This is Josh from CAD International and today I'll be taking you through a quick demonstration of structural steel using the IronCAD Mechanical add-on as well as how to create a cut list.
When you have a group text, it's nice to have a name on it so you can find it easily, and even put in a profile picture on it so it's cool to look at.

* * *

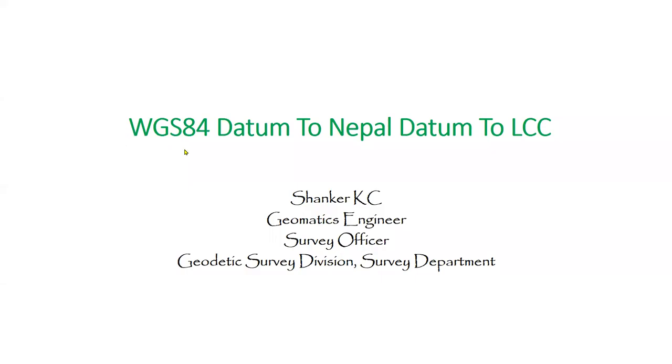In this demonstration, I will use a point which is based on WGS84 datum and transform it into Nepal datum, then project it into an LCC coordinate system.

TASK ITEM » Copy the lines above exactly. Start with the line containing "This is Josh", end with the line containing "When you have", and include both.

RESULT FOR THIS EXERCISE »
This is Josh from CAD International and today I'll be taking you through a quick demonstration of structural steel using the IronCAD Mechanical add-on as well as how to create a cut list.
When you have a group text, it's nice to have a name on it so you can find it easily, and even put in a profile picture on it so it's cool to look at.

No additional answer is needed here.